INFORMATION GIVEN Block Start
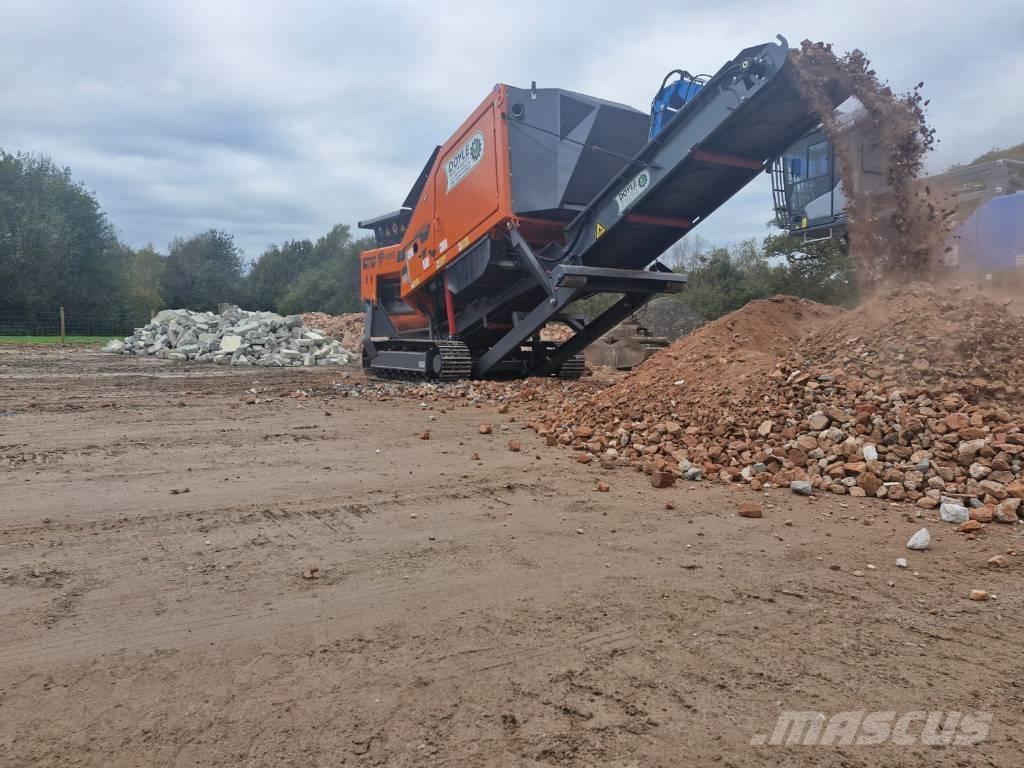 Arjes Compaktor 300 移動式壓碎機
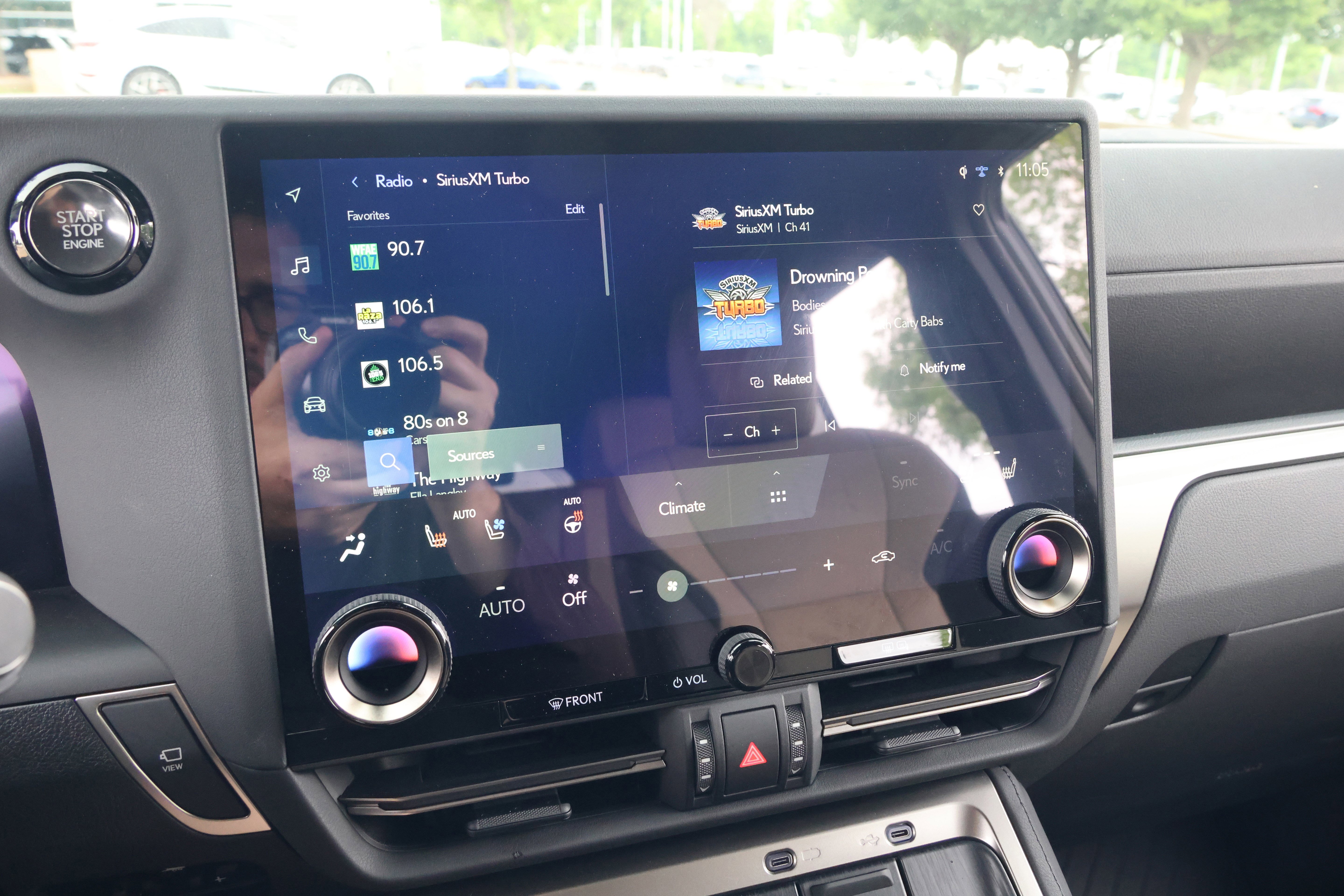 Certified 2024 Lexus GX 550 AWD/4WD image 23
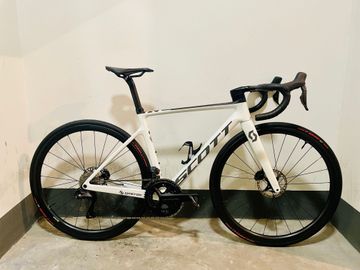 Used Scott Addcit RC 10 2024 Road & Gravel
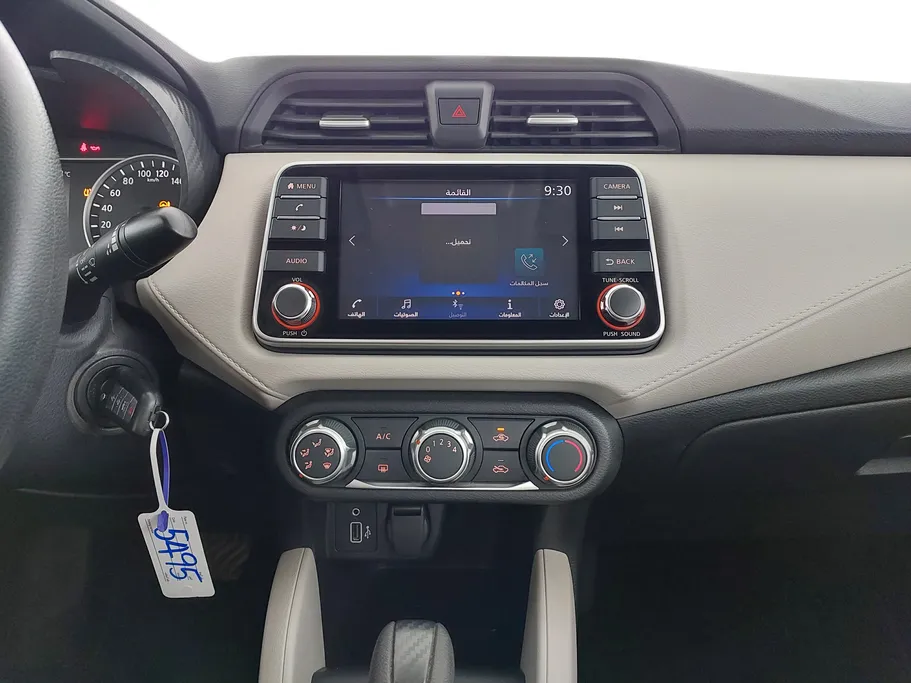 2023 Nissan Sunny SV New Shape 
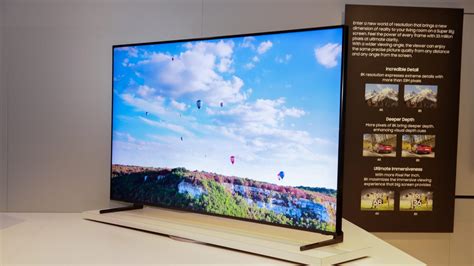 Samsung releases new 8K QLED TVs at CES 2019 - CNET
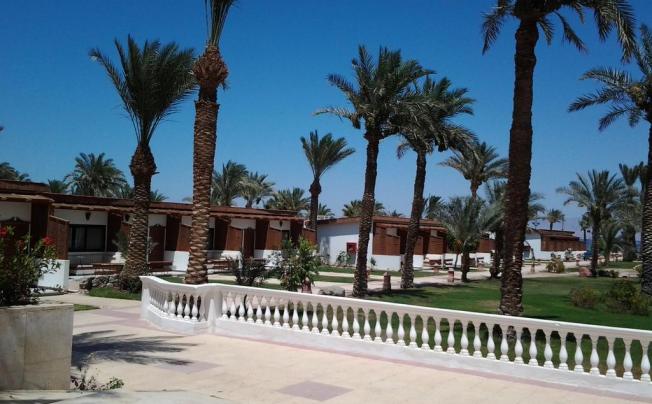 Фото отеля Nuweiba Club Resort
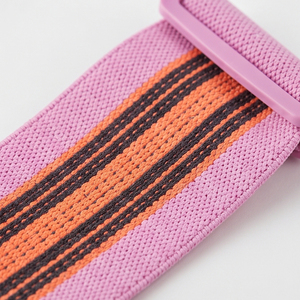 Bandes de Résistance Circulaires pour Hanches et Fessiers – Vente en Gros – Idéales pour l'Entraînement des Fessiers, des Hanches et des Jambes, les Squats et les Exercices de Fitness - Product Image 4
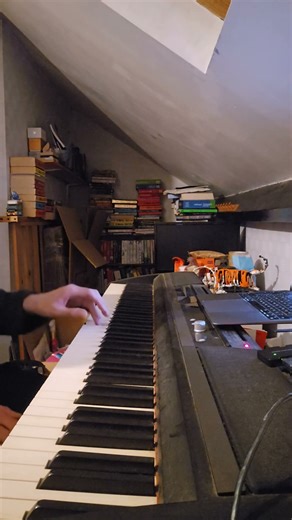 Piano Marvel Halloween Challenge 2025 1: Halloween Challenge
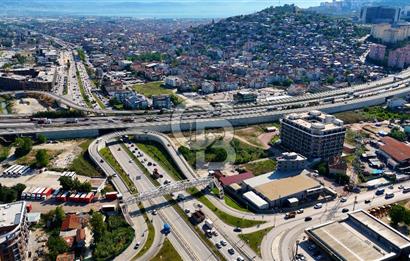 CB AKADEMİ KANDIRA YOLUNA CEPHE SATILIK REZİDANS ARSA HİSSESİ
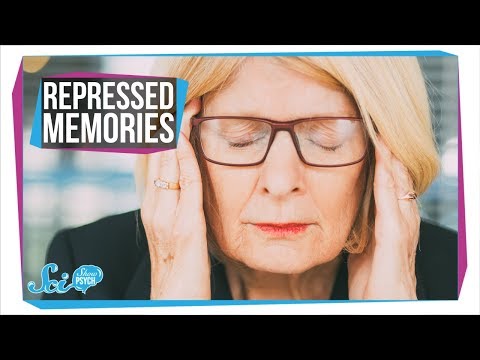 Are Repressed Memories Real?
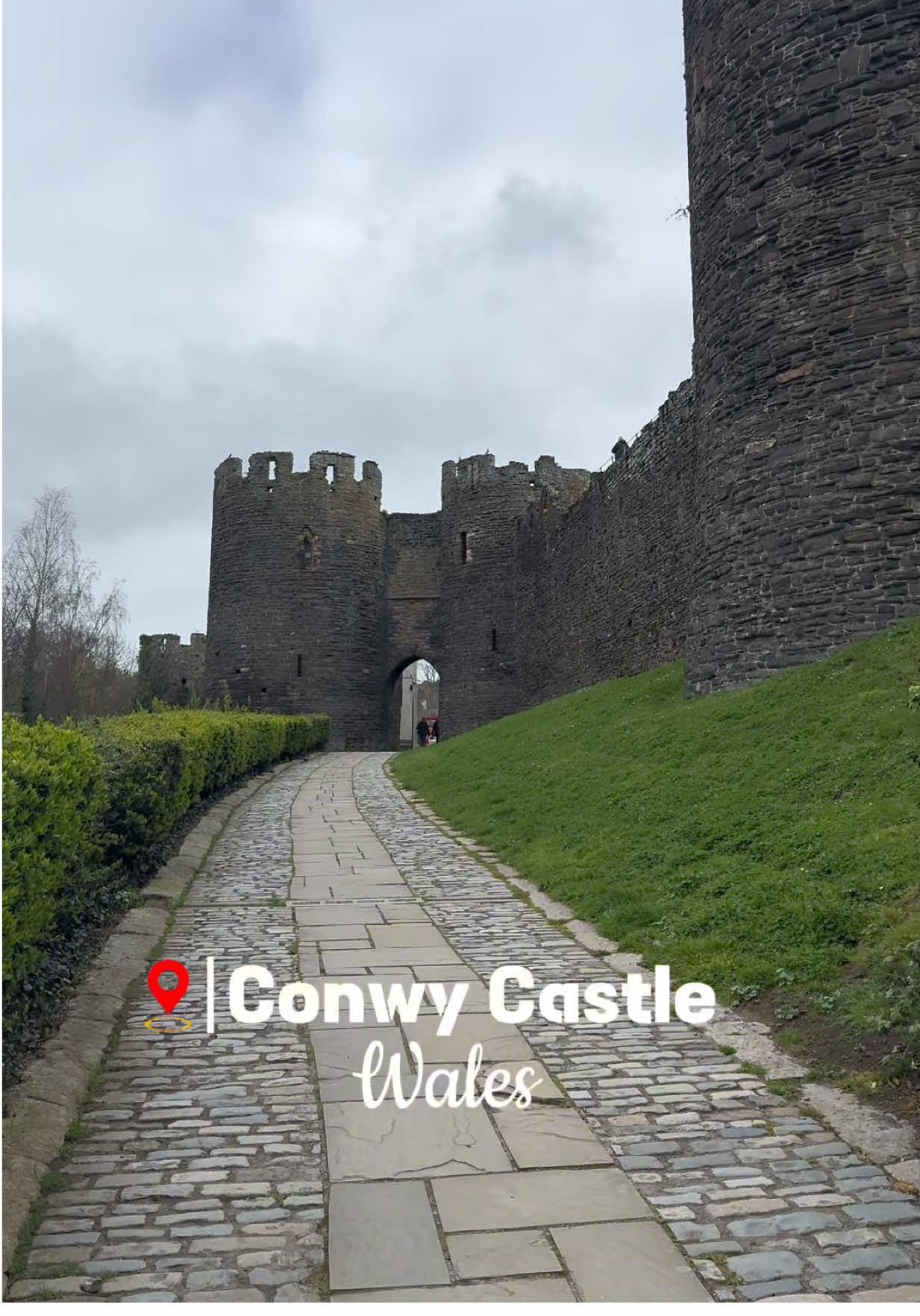 Conwy Castle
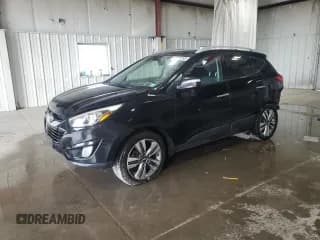 ✅ 2015 Hyundai Tucson Limited • VIN: KM8JUCAG2FU082364 • Lot: 62819255. Wystawiony na Copart z przebiegiem 174 568 mil. Bezpłatny archiwum sprzedaży aukcyjnych z USA i szczegółowy raport historii pojazdu na DreamBid. Zdjęcie 1.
INFORMATION GIVEN Block End
A precise copy of each record, with the images removed, should be output.

EXERCISE SOLUTION:
 Arjes Compaktor 300 移動式壓碎機
 Certified 2024 Lexus GX 550 AWD/4WD image 23
 Used Scott Addcit RC 10 2024 Road & Gravel
 2023 Nissan Sunny SV New Shape 
 Samsung releases new 8K QLED TVs at CES 2019 - CNET
 Фото отеля Nuweiba Club Resort
 Bandes de Résistance Circulaires pour Hanches et Fessiers – Vente en Gros – Idéales pour l'Entraînement des Fessiers, des Hanches et des Jambes, les Squats et les Exercices de Fitness - Product Image 4
 Piano Marvel Halloween Challenge 2025 1: Halloween Challenge
 CB AKADEMİ KANDIRA YOLUNA CEPHE SATILIK REZİDANS ARSA HİSSESİ
 Are Repressed Memories Real?
 Conwy Castle
 ✅ 2015 Hyundai Tucson Limited • VIN: KM8JUCAG2FU082364 • Lot: 62819255. Wystawiony na Copart z przebiegiem 174 568 mil. Bezpłatny archiwum sprzedaży aukcyjnych z USA i szczegółowy raport historii pojazdu na DreamBid. Zdjęcie 1.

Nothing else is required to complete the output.